En Sub21, Iván Martín Montenegro y Abril Angulo Madrid compitieron con madurez y control. En Senior, la experiencia marcó diferencias: Raúl Martín Romero y Paola García Lozano se impusieron con katas convincentes, sin gestos superfluos y con una lectura clara del reglamento.

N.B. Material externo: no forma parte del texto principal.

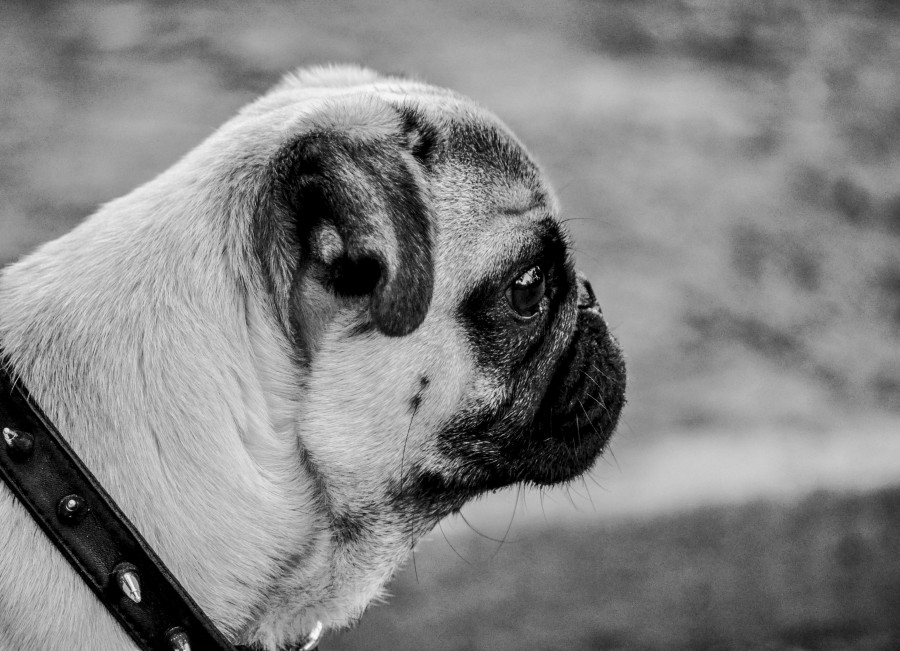 Cachorro, Animal de Estimação, Pug Carlino, Preto e Branco, Animais, Vista Lateral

Kumite: del instinto a la estrategia
Las categorías base ofrecieron kumite directo, valiente y sin especulación. Jorge Sanz Iriarte, Álvaro Parada Moreno de la Santa, Carmen Cendan Penín o Ariadna Díaz Pérez destacaron por su iniciativa constante.
En Juvenil y Cadete, el guion cambió. Apareció la táctica, el control del espacio y la gestión del tiempo. Iker Llata Rey, Ignacio Beunza Riesco, Julia Gutiérrez Navamuel o Natalia Trujillo Cubero supieron leer mejor cada combate.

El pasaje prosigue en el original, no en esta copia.